S’offre à nous des cariatides modernes, issues de notre temps : ces femmes de l’eau ont le regard ailleurs ou le corps en mouvement comme pressé par le temps. elles se mêlent à la foule incessante de Paris en perpétuel mouvement. La femme se divise en deux directions opposées et de quatre femmes, seules deux, voire une, est encore là pour donner de l’eau aux passants. Autrefois déifiées en Vénus gracieuses, elles deviennent de simples figures à demi effacées dont le regard neutre n’attribue plus à ce liquide, indispensable à la vie, un caractère sacré, en raison de sa disponibilité évidente dans notre société. Ici l’eau se répand sur le sol avant de s’écouler à travers une banale grille au lieu d’être récupérée dans un tabernacle comme l’était celle des fontaines Wallace. L’œuvre est à l’image du début de ce millénaire, où le rôle de la femme dans la gestion de l’eau est également peu pris en compte. La fontaine Millénaire ne connait pas le même engouement que les Wallace et elles ne seront réalisées qu’en quatre exemplaires. Témoignage d’un intérêt général pour ce mode de ravitaillement qui s’était amenuisé au fil du temps : bien que 75 % des Parisiens sachent que l’eau des fontaines est potable, provenant du même réseau que celle du robinet, ils sont tout autant à ne jamais boire à ces fontaines. Restent les 25 % qui justifient à eux seuls le maintien et l’entretien de ces fontaines. Pour nombre d’entre eux, par besoin d’hydratation régulière lors de promenades (enfants, personnes âgées…) ou en situation précaire, elles sont vitales !

La Ville de Paris et Eau de Paris persistent dans leur volonté de développer l’accès à l’eau potable pour tous, puisqu’il y a maintenant plus de 1 200 fontaines et points d’eau potable dans la capitale.

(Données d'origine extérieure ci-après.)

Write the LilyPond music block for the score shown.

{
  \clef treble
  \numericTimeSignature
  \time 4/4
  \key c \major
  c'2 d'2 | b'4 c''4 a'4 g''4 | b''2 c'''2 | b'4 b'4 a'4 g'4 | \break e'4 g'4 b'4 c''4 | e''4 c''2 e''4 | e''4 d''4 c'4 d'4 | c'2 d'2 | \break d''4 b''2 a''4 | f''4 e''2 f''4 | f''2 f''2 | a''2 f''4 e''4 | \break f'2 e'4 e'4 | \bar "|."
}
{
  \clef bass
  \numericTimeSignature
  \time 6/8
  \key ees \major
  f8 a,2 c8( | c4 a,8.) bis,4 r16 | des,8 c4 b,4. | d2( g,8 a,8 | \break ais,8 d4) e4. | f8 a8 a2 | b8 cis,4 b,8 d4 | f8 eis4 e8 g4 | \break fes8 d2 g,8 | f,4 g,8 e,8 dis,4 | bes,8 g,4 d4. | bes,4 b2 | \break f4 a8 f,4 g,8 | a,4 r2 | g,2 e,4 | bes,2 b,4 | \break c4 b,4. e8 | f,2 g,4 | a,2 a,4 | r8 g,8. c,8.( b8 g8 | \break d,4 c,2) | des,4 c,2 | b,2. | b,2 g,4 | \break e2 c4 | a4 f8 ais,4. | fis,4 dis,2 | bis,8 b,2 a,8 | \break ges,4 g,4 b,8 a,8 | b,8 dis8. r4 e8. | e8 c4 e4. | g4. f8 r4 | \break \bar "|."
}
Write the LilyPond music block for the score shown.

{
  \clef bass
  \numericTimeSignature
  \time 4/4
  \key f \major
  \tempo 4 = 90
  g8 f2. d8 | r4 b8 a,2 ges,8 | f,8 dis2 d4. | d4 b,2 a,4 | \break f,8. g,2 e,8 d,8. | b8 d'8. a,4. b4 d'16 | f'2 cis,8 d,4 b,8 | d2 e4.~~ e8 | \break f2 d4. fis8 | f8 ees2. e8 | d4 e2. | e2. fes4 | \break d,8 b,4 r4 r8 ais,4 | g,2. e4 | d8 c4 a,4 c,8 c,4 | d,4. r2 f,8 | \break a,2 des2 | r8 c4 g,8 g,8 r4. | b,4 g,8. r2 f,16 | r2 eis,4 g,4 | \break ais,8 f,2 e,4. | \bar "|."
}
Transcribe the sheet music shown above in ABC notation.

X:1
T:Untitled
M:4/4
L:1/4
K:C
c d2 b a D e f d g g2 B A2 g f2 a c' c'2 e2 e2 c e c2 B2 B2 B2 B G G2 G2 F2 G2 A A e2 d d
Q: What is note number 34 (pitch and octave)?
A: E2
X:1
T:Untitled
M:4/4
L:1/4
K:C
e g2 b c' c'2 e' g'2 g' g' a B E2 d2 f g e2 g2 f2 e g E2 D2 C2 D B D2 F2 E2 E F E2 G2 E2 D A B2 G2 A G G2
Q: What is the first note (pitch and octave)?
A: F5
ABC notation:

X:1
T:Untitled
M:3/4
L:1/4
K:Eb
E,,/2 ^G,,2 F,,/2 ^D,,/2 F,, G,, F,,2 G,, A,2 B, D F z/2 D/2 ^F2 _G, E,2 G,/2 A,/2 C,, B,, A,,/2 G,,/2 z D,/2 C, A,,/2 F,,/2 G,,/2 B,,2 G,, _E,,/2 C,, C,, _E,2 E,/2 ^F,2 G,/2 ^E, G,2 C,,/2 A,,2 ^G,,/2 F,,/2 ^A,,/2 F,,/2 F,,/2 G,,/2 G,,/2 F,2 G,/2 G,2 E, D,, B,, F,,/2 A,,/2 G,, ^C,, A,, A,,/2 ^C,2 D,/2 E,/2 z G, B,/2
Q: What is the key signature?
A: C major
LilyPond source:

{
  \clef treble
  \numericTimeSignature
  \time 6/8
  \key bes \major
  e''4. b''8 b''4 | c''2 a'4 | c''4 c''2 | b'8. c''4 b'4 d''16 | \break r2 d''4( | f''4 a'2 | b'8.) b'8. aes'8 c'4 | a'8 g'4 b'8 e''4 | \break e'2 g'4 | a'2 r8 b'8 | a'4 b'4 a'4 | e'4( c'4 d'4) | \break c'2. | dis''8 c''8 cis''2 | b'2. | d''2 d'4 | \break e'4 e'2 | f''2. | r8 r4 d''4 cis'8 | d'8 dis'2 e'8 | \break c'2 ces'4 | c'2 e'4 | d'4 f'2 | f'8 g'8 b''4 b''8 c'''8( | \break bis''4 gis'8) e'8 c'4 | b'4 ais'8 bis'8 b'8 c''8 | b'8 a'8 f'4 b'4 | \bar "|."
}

En 2010, afin que les Wallace reprennent toute leur place dans le cœur des parisiens et retrouvent leur fonction première d’offrir une eau de qualité, la ville en installe de nouvelles qui se démarquent dans le paysage parisien par leurs couleurs vives ( rouge, jaune, bleu, rose… ). Art et eau se réaffirment dans l’espace public.

Classique et modernité s’harmonisent ainsi dans les rues de Paris à travers la cohabitation des fontaines Wallace et de leurs consœurs de tout styles (Fontaine Poing d’eau, Fontaine Totem, Fontaine Millénaire, Fontaine d’eau pétillante…), alliant technicité, urbanisme et sculpture.

Elles font partie de notre patrimoine urbain et compte parmi les 1 200 fontaines à boire qui ne cessent d’interpeller les promeneurs par leurs styles, leurs couleurs, leurs originalités. Un patrimoine, un temps négligé des parisiens, qui pourtant s’est beaucoup exporté à l’étranger. Ainsi, nous retrouvons aujourd’hui des fontaines Wallace en Chine, Espagne, Canada, USA, Brésil, etc. Dans une période où nous nous interrogeons sur la place de l’eau dans la ville, ces œuvres sont la mémoire de l’universalité de cette ressource à la fois dans le temps mais aussi géographiquement. Ces fontaines artistiques sont des témoignages de notre besoin passé et présent le plus important. Ces édifices participent à la mise en place à la fois de l’art dans la ville, dans le quotidien des habitants et de l’eau, cette source vitale, témoignent « de la difficulté chronique et historique d’alimenter Paris en eau de qualité. »  L’objet artistique devient symboliquement celui qui permet et surtout qui offre la continuité de la vie, de façon gratuite et pour tous au quotidien, dans les rues. Un lien peut donc véritablement se créer entre l’art et l’eau et devenir un véritable atout pour la collectivité. Ces fontaines à boire sont porteuses d’un enjeu vital, esthétique, social, historique et politique.

A la Une : Détail Photo©Roger Viollet. De 1872 à 1952, les fontaines étaient équipées de gobelets en étain retenus par des chaînettes. 

  • En 1930, seules 23 % des communes disposent d’un réseau de distribution d’eau ; en 1945 70 % et il faudra attendre 1980 pour que la totalité des français disposent de l’eau courante au robinet.